Op de
lagere school leerde ik dat elke seconde na een bliksemflits gelijk staat aan
300 meter. Zodoende is het mogelijk te bepalen hoe ver een onweersbui van mij
verwijderd is. En dat is wat ik doe als ik in bed lig en niet (meer) kan slapen
van onweer.
Mijn
lief heeft het niet op onweer. Als het onweert, wordt hij onrustig. Hij gaat
alle kinderkamers af, hij controleert de ramen, de sloten op de deuren en hij
checkt of het in huis nergens lekt.
Nog
niet zo gek lang geleden werden we midden in de nacht opgeschrikt door een
enorme onweersbui. Tellen van seconden hoefde niet, want binnen een tel was er
na de bliksemflits al gedonder te horen. Ik voelde toen ook onrust in m’n lijf,
want het was wel erg dichtbij en in gedachten zag ik allerlei rampscenario’s
voor me. Het inslaan van de bliksem in ons huis, het huis in allerijl moeten
verlaten, een blikseminslag in een enorm grote boom vlakbij ons huis met het
vallen van de boom als gevolg, het inslaan van de bliksem in een hoge flat
schuin achter ons huis… En naarmate mijn rampscenario’s zich verplaatsen van
heel dichtbij naar iets verder weg verdween ook langzaam maar zeker de
onweersbui zich naar iets verder weg.
De
volgende dag sprak iedereen er over.

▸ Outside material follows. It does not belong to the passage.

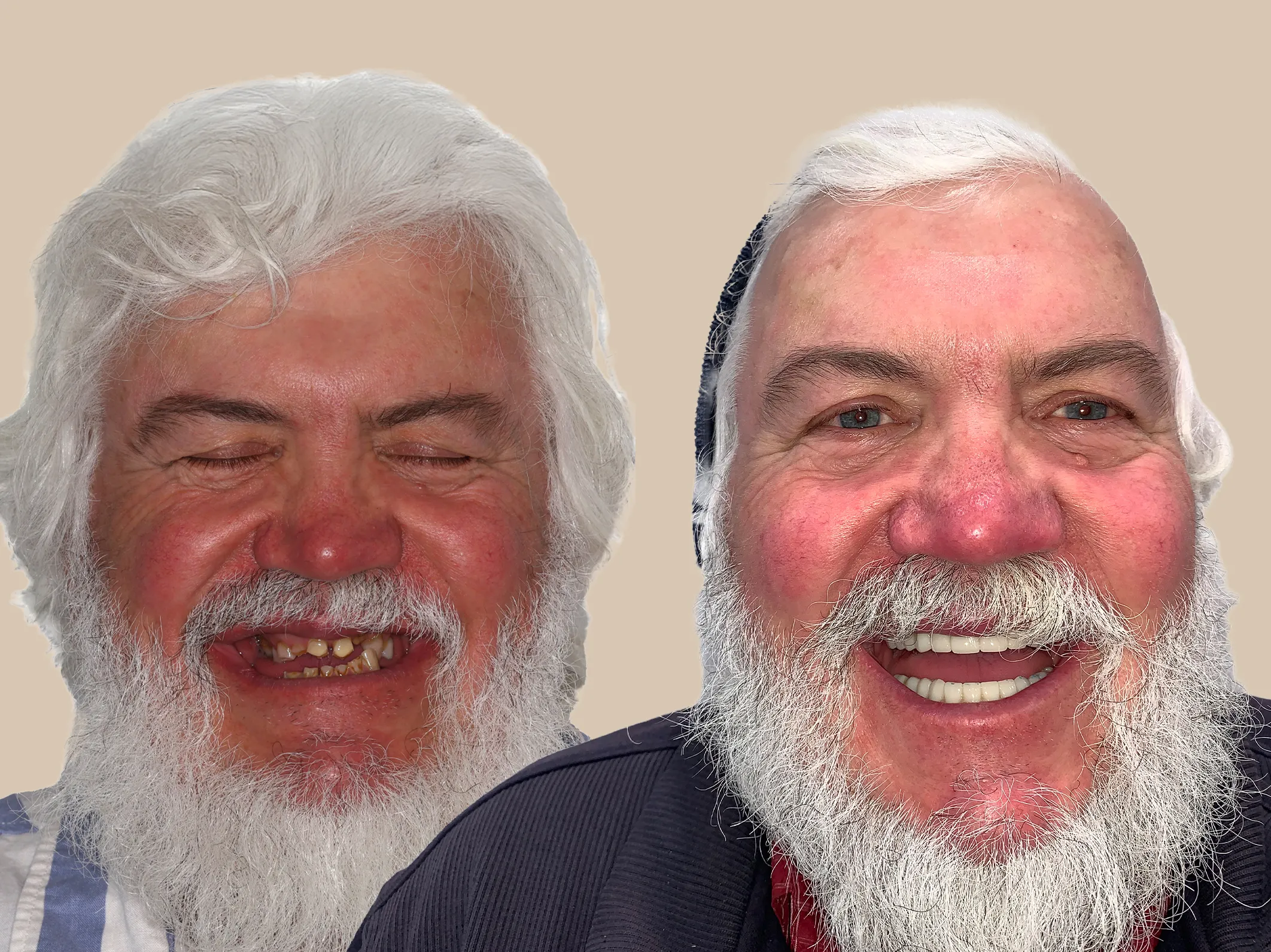 David Gries Retouched copy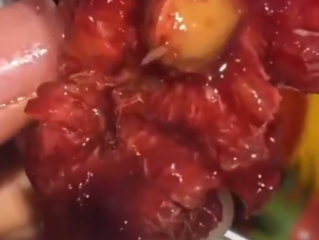医生称车厘子果蝇的幼虫水洗不掉 需多流程进行清理 ！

Hoe heftig het was geweest, hoe hard de
donder gedonderd had, dat onze kids er allemaal doorheen geslapen hadden, dat
er nauwelijks wind stond waardoor de bui zo lang boven ons hoofd bleef hangen
en dat we allemaal rampscenario’s in onze gedachten hadden gehad. Dat
bevestigde voor mij mijn bestaande beeld: niemand heeft het écht op onweer.